## Problem
From the records below, extract only the lines running from the line with "hi i'm Baby" to the line with "CYMULA Full Size", both lines included, reproducing them exactly.

## Records provided
'''

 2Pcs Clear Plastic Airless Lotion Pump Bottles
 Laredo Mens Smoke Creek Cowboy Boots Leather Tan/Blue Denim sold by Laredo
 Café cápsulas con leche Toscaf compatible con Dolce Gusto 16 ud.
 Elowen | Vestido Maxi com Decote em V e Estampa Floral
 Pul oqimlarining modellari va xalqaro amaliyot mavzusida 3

'''
'''

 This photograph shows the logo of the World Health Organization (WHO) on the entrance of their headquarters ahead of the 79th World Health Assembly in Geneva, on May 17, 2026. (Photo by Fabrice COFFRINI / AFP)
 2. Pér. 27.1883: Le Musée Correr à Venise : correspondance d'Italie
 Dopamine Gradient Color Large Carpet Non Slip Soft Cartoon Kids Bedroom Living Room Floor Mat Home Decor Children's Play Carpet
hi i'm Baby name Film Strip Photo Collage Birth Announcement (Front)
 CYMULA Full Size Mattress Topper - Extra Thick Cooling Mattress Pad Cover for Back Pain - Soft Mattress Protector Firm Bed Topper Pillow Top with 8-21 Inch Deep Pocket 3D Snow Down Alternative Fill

'''
'''

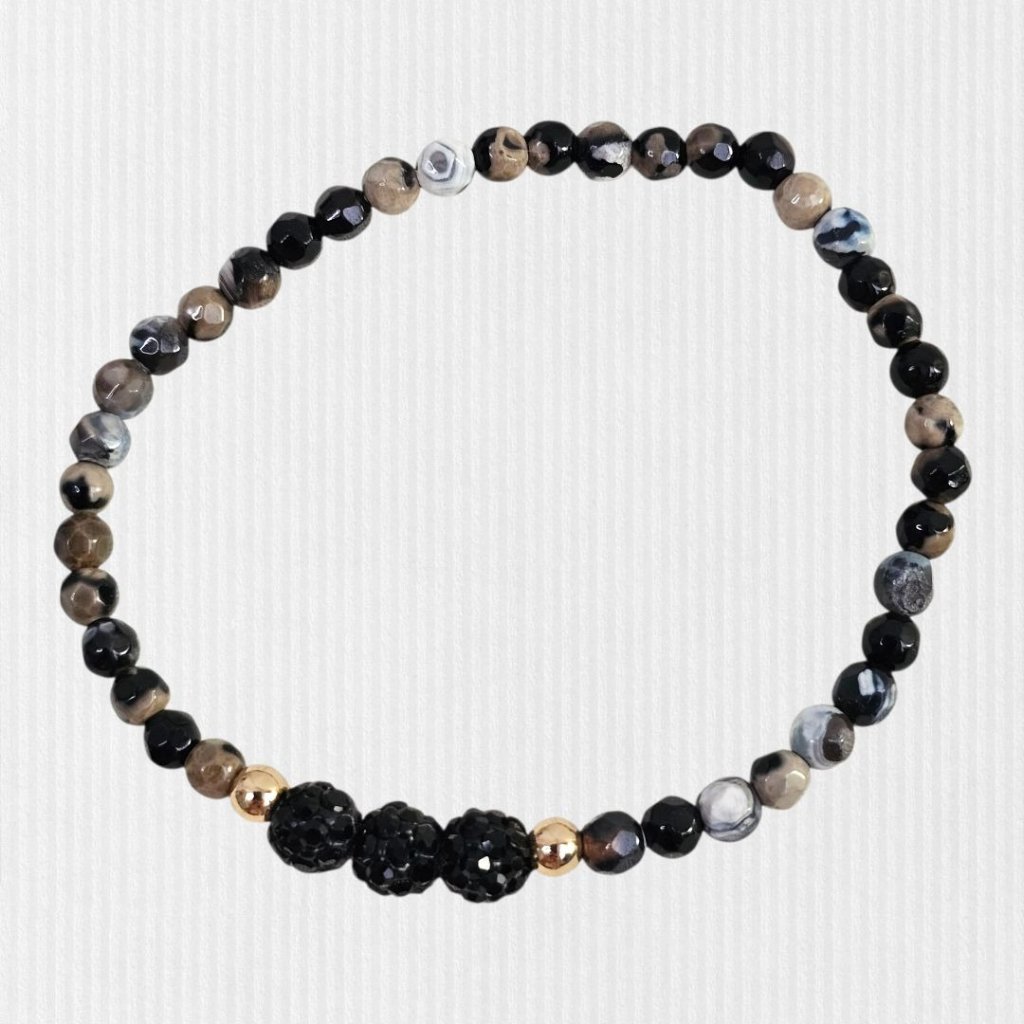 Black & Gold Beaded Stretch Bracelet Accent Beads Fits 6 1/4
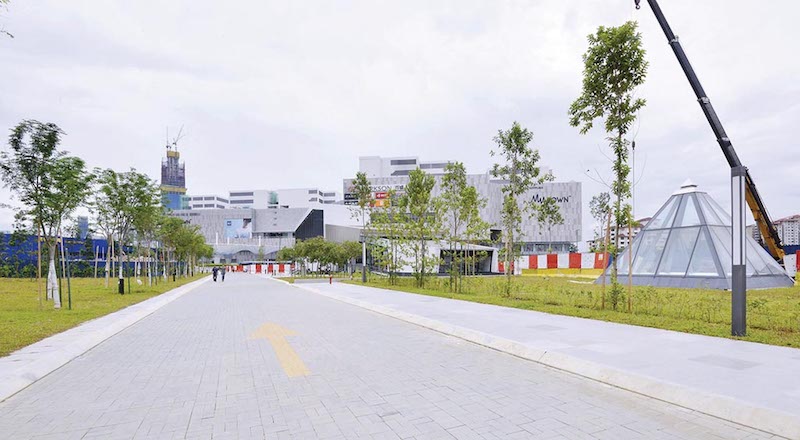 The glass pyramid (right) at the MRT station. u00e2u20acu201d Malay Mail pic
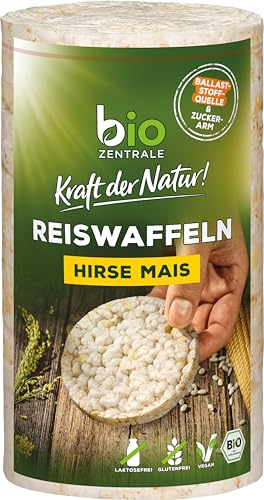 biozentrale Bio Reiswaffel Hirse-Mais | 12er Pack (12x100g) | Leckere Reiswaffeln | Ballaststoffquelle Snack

'''

## The completed task
hi i'm Baby name Film Strip Photo Collage Birth Announcement (Front)
 CYMULA Full Size Mattress Topper - Extra Thick Cooling Mattress Pad Cover for Back Pain - Soft Mattress Protector Firm Bed Topper Pillow Top with 8-21 Inch Deep Pocket 3D Snow Down Alternative Fill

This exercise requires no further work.